Senti-pensares transcorporalmente uterinos

[PT] Era uma vez um corpo com útero, o meu. Durante anos eu me perguntava qual era seu propósito, para além das narrativas cisheteropatriarcais que me invadiam. Um dia descobri que meu útero estava crescendo e que já havia se expandido até o tamanho de uma gravidez de 4 meses. Eu estava grávida de mim mesmx. Minha própria narrativa dissidente havia se materializado dentro de mim sob a forma de um tumor benigno. Com meu útero parí minha própria lucidez quanto aos caminhos de minha politica-poetica física e emocional. Descobrí que transcorporalmente meu útero e eu somos muito mais poderosxs e geradorxs. Sem descendentes genéticos – e como parte de familias cuir expandidas e tantaculares – seguiremos nutrindo uma vida de amor radicalmente expandido, para todo sempre.

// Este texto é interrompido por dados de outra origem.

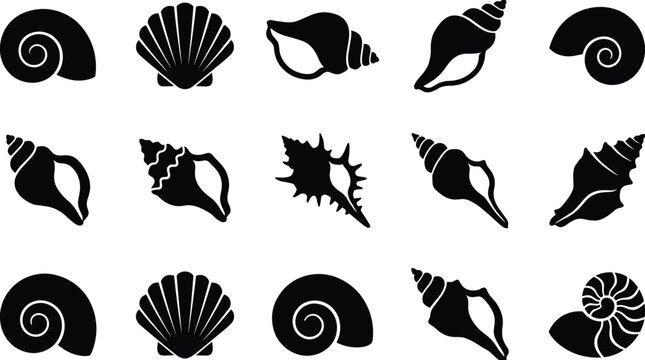Seashell silhouette icon set, scallop shell, conch, spiral snail, marine vector illustration
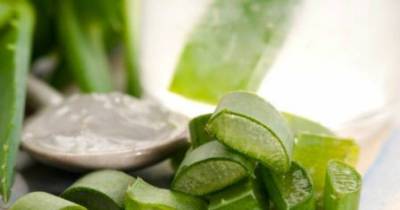 Amazing Benefits Of Aloe Vera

[ENG] Once upon a time I had a uterus in my body. For years I wondered what its purpose was, beyond the cisheteropatriarcal narratives that invaded me. One day I discovered my uterus had been growing and had already expanded to the size of a 4 month pregnancy. I was pregnant with myself. My own dissident narrative had been materializing itself within me in the form of a benign tumor. With my uterus I birthed my own lucidity regarding the paths of my physical and emotional politics-poetics. I discovered that transcorporeally my uterus and I are much more powerful and generative. With no genetic descendants and as part of cuir transnational and tentacular families, we shall continue nurturing a life of/in radically expanded love, forever after.

Dani d’Emilia, Lisboa
Nov 2017 (10 months after my hysterectomy)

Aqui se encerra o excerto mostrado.